I'm a New-York based independent strategist.  

I have worked at some great companies over the years, but a couple of years ago I decided to go freelance.

 

Why?

Our industry is going through an exhilarating, crazily unpredictable time. The ground is shifting under our feet. Old rules no longer apply. I figured the best way understand these changes is to jump right in. To speed-learn, to steal, to invent, to take risks, alongside fearless, curious people.  And to have enough time left over to experiment with life itself - to make stuff, volunteer, learn new skills.

Fast forward a couple of years. I am still learning something new every single day. And I want to bring this learning, these new ideas and this passion to as many brands and projects as anyone will let me.

  

Recent co-conspirators

Droga5, co:collective, Project: WorldWide, BBDO, Redscout, Headmint, cooke & co, Trollback, The Coca-Cola Company, Constellation Brands, Special Forces NY, Vice/Virtue and a few secret projects.


The kinds of projects I particularly love

+ On almost every single project I've worked on recently the solution to the problem wasn't simply an ad campaign. In many cases the end result had nothing to do with advertising: the solution was a product, or a tool, or an action, or an idea the whole brand or organization could own. Increasingly this is how brands and agencies are thinking, and these are the kinds of ideas I am most attracted to.

 

+ Hard cases: brands down on their luck or facing big challenges; when more of the same is no longer working.

+ Anything playing in a supposed 'low interest' category, born from the firm belief that any category can and should be interesting.

+ Brands that are appreciated by their audiences but don't know how to tap into broader cultural changes and opportunities.

 

What I’m good at

+ Finding a brand's cause, its fight, its stance, its story. And I strongly believe that this should not be rooted not just in a category opportunity, but in the brand's role in people's lives and in culture at large.

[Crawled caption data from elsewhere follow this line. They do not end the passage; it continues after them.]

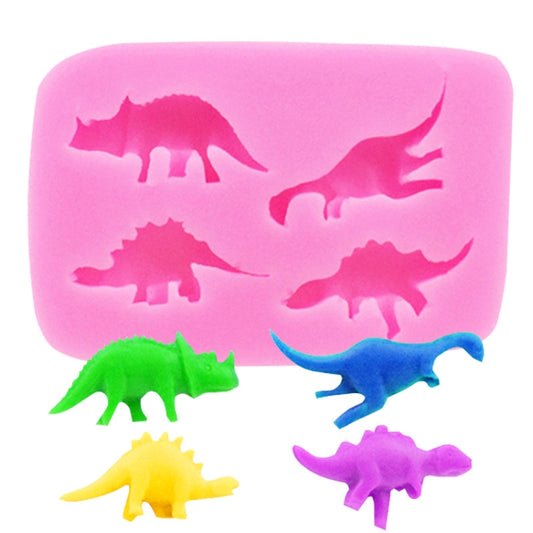 Dinosaur Silicone Mold Fondant Chocolate Cake Decoration Mold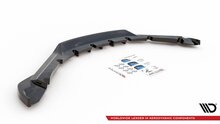 Maxton Design splitter met vinnen achter glanzend zwart BMW I8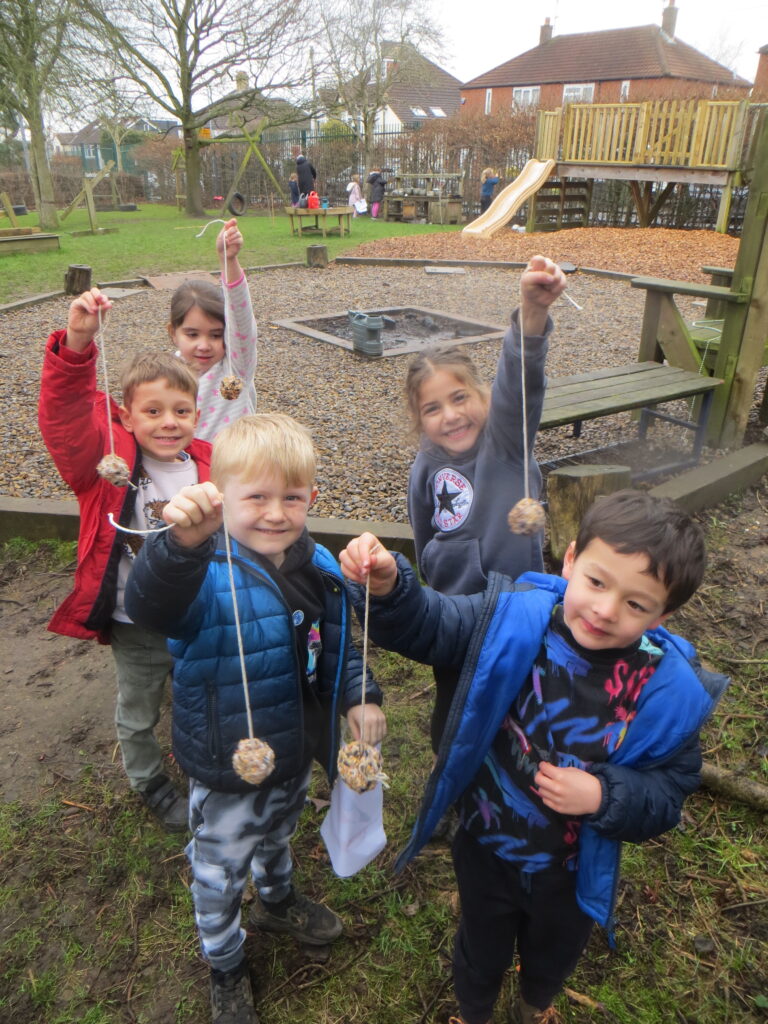 KS1 - Big Garden Birdwatch - Forest School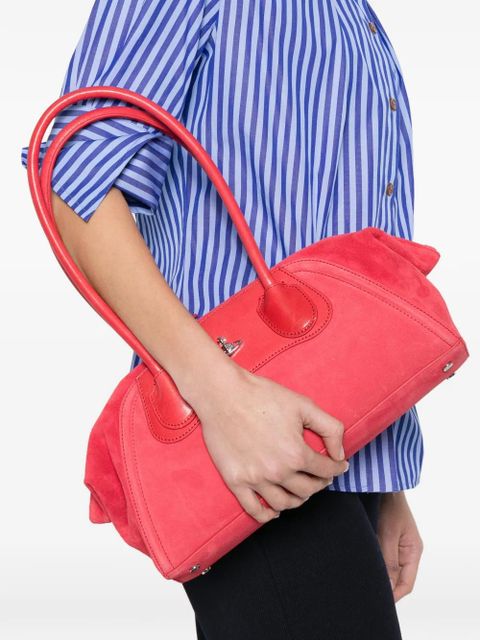 Vivienne Westwood small Shirley Orb detail shopper shoulder bag - Red - zdjęcie produktu nr 2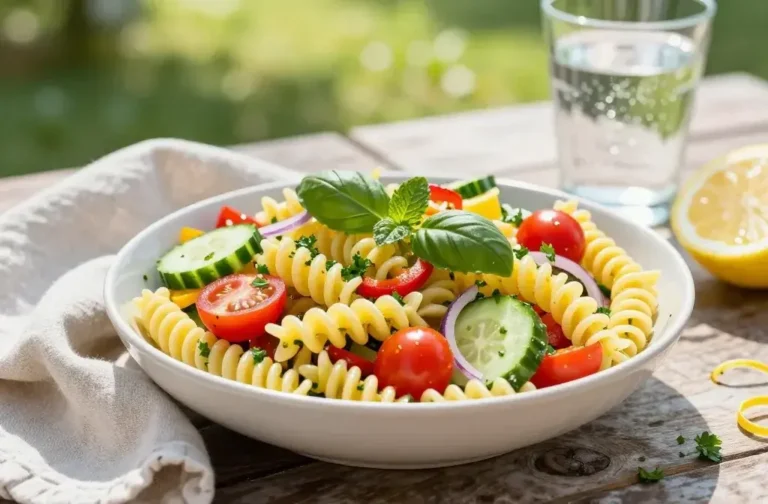 Lemon Herb Vegetarian Pasta Salad: Bright Picnic Favorite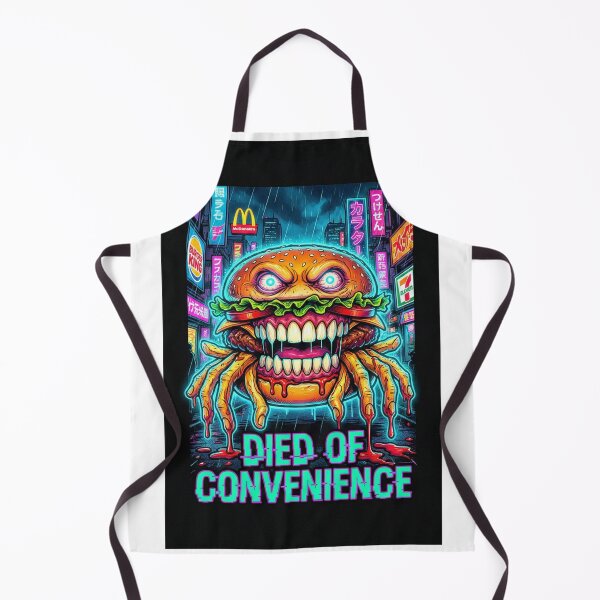 Item preview, Died of Convenience - Cyberpunk Monster Burger Horror designed and sold by MiracleDroplet.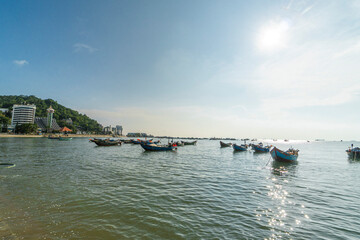park in Front beach of Vung Tau city, Vietnam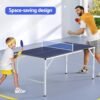 Everfit Table Tennis Ping Pong Table Portable Foldable Family Game Home Indoor - Image 5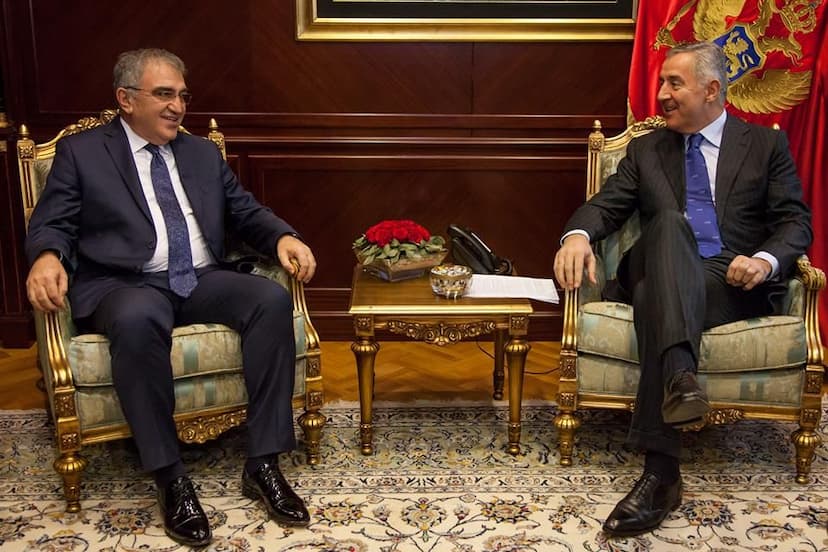 Predsjednik Đukanović primio u oproštajnu posjetu ambasadora Republike Turske u Crnoj Gori Serhata Galipa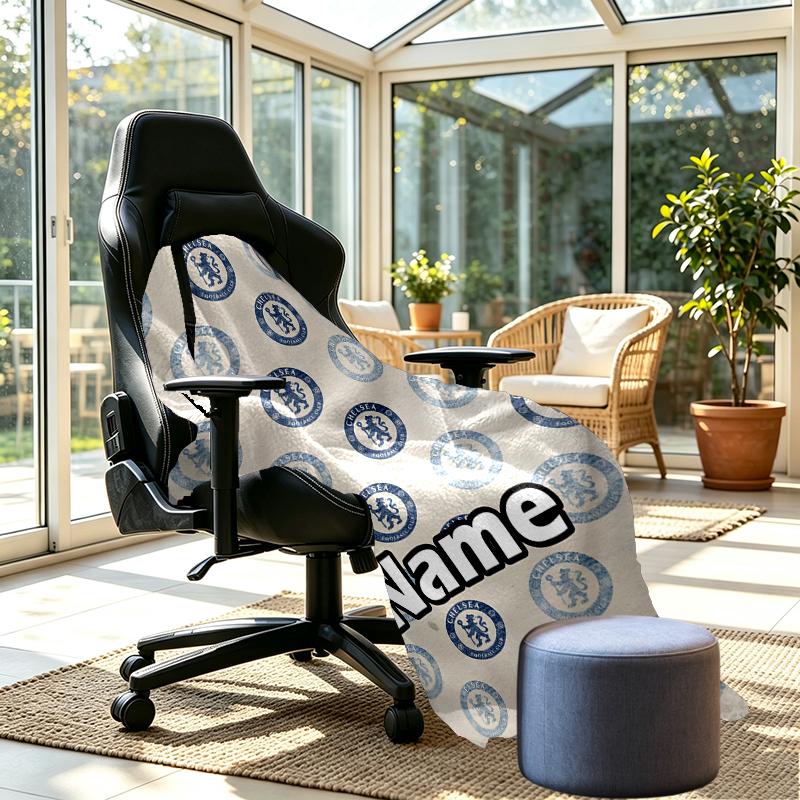 Custom Name Personalized football club F.C Print Blankets, Home Decor, Bedroom, Sofa, Camping, Couch, Gifts for Birthday Christmas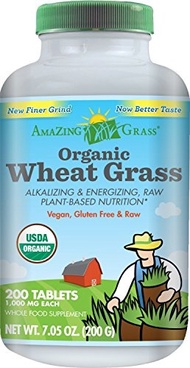 [USA]_Amazing Grass Organic Wheat Grass, 400 Count, 1000Mg Tablets Amazing-id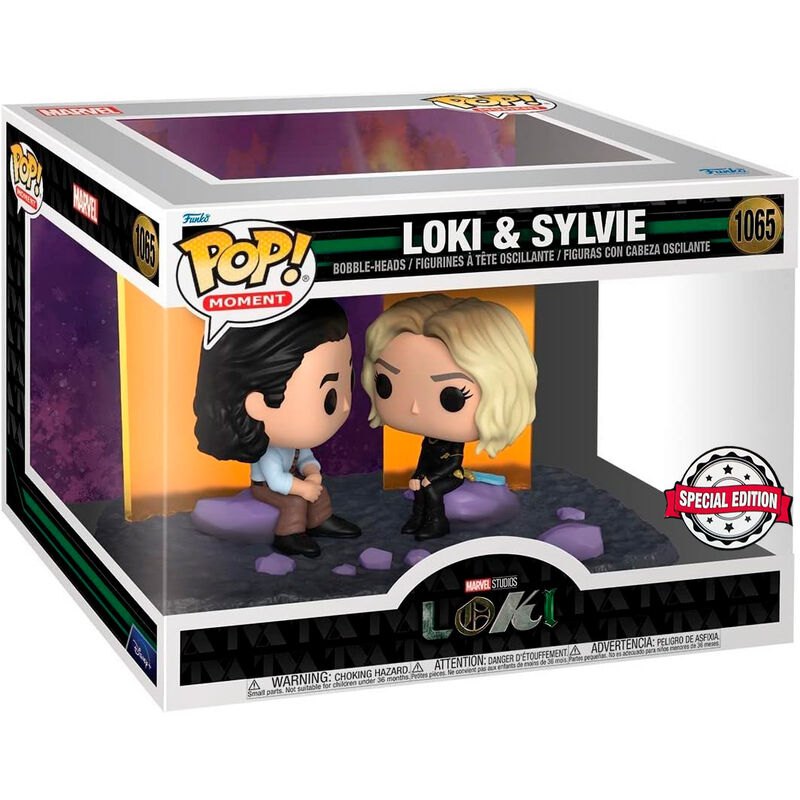 Figura POP Moment Marvel Loki - Loki and Sylvie Exclusive Frikytopia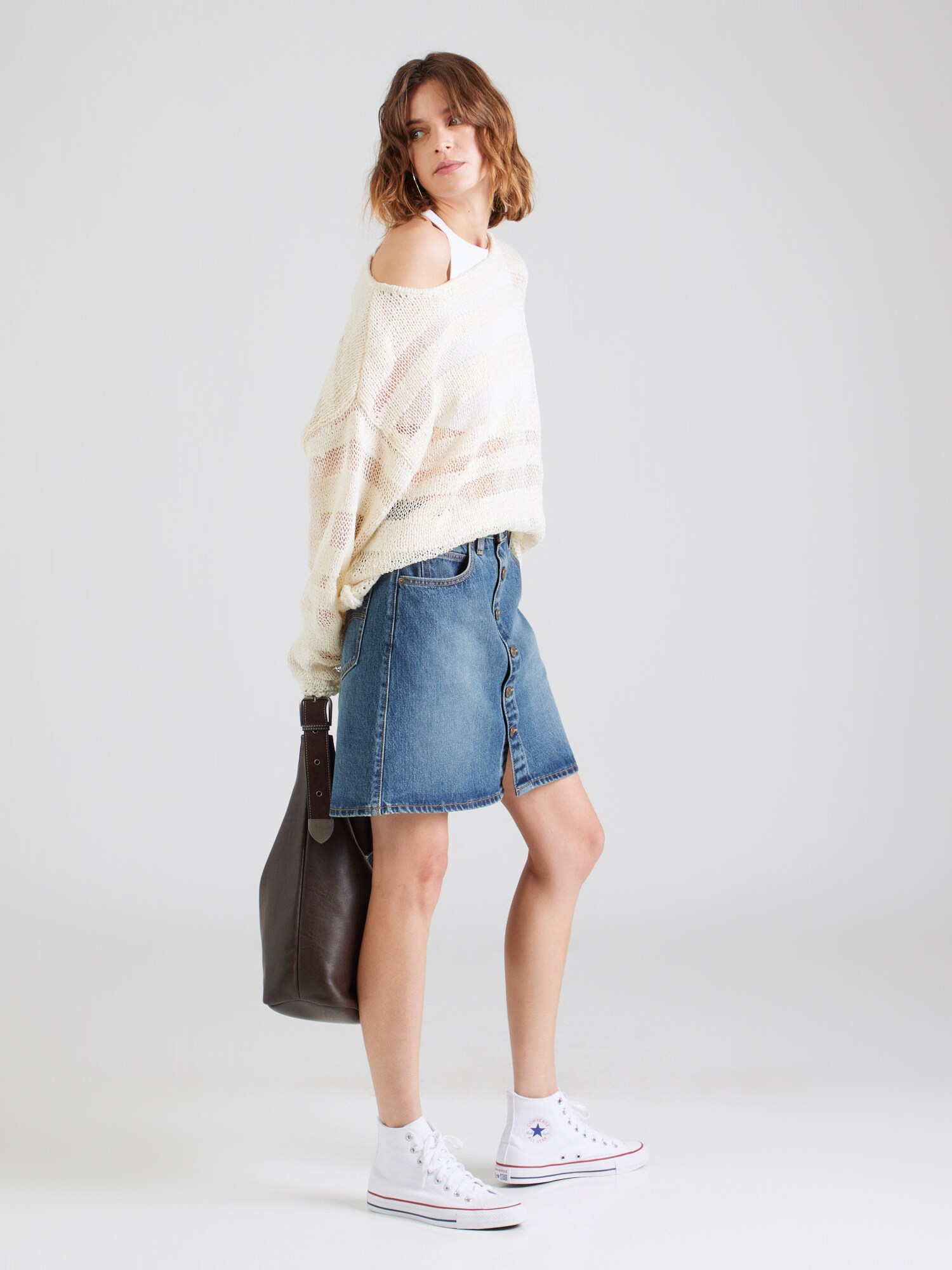Thumbnail - LEVIS  Rock Retro Button Front Skirt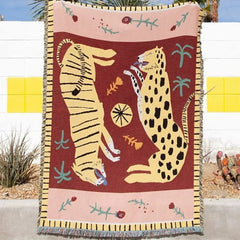 Boho Tiger Tapestry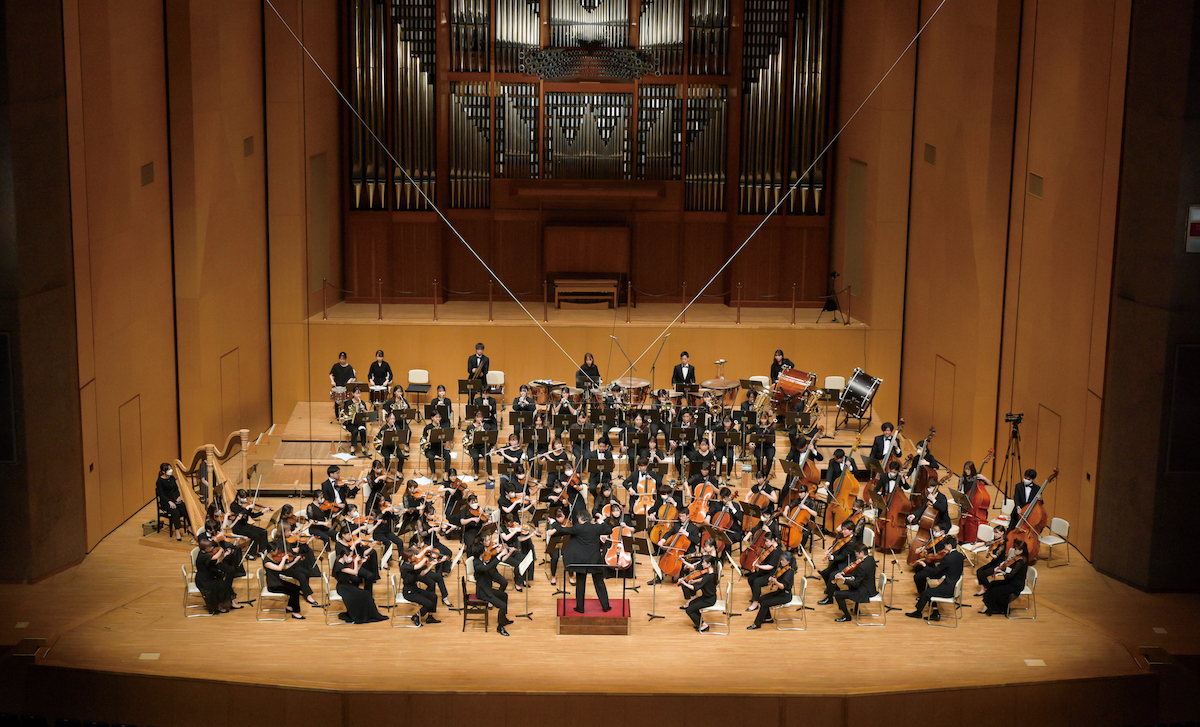 A scene from the orchestra's regular concert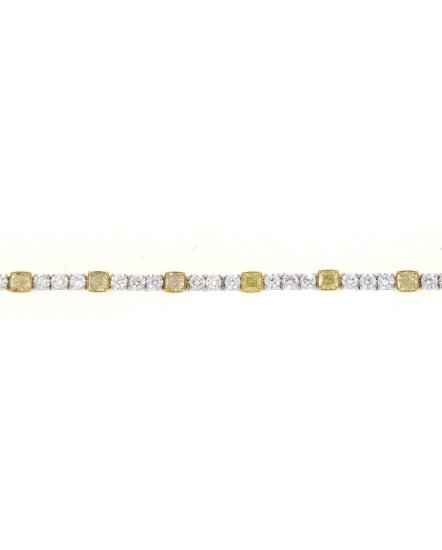 MULTI TONE CUSHION DIAMOND BRACELET (TB419)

+ Finding the big idea, fast. I distrust insights that needed six weeks of research to get uncovered.

+ Tracking down great stories within big piles of boring data and information.

+ Using human language to evoke human truths - I hate marketing jargon and business-speak.

 

What gives me no joy

- Large teams where everyone has a say. I go quiet in rooms with 20 people talking over each other. Maybe because I grew up in a large family?

- Standard brand templates, with their endless tweaking of words. Trying to decide between 'refresh your life, every day' or 'refreshing vitality, daily'. We've all been in those meetings ... I have found that large brand documents that ladder up to very broad 'higher order benefits' often become the enemy of doing something bold and interesting. 

- All-day meetings.

 

Where I’ve been

I’ve had the good luck to work at a bunch of interesting agencies, at interesting times, with great people, on fascinating brands. I’ve learned a lot and am grateful to all of them for having me.


JWT - 2007 to 2010

After ten years of flying by the seat of my pants I wanted to learn how the big guys do things. JWT under Rosemarie Ryan and Ty Montague were re-inventing the big agency/big client model for the 21st Century, and I’m honored I got to experience it firsthand. I got to work with some amazing people from many different fields on campaigns like Kleenex Let it Out and helped win and worked on Royal Caribbean Cruise Lines (the Nation of Why Not) and Bloomberg - all of them campaigns that rejected traditional communications approaches to create larger cultural relevance. Best of all, I've been able to work with Rose and Ty again more recently at co:collective, where they're Storydoing for a whole bunch of large, innovative brands.


Berlin Cameron United – 1997 to 2007

Running someone else's shop was going to work only for so long for Andy and Ewen so they set up on their own. I was lucky enough to be one of the seven people that were there from the beginning. One phone, one computer and one little above a deli. We went right for the big clients – Reebok, Cadillac, NBC. Six years later we were Agency of the Year twice over and had clients like Coca-Cola, Samsung and Heineken. I learned a ton in those crazy rollercoaster years, not just about planning but about what makes agencies work. I was head of planning for a while as well, and enjoyed parts of the job (mentoring, career development) but realized that I get few kicks from being the boss.


Fallon McElligott Berlin (New York) – 1996 to 1997

I wanted to see a bit of the world so I moved to New York and joined this Fallon outpost, run by Andy Berlin and Ewen Cameron. A great creative boutique who did big work for small clients, like BMW Motorbikes, Tidy Cats cat litter, Fresca and a bunch of Condé Nast magazines.


Bartle Bogle Hegarty (London) – 1992 to 1996

My first job as planner in advertising and what a place and time to learn the craft. BBH was at one of their many creative peaks, producing campaigns that are still remembered today. And many of the people who were junior then lead agencies today. They let me work on great brands like Levi’s and Audi, and a whole bunch more.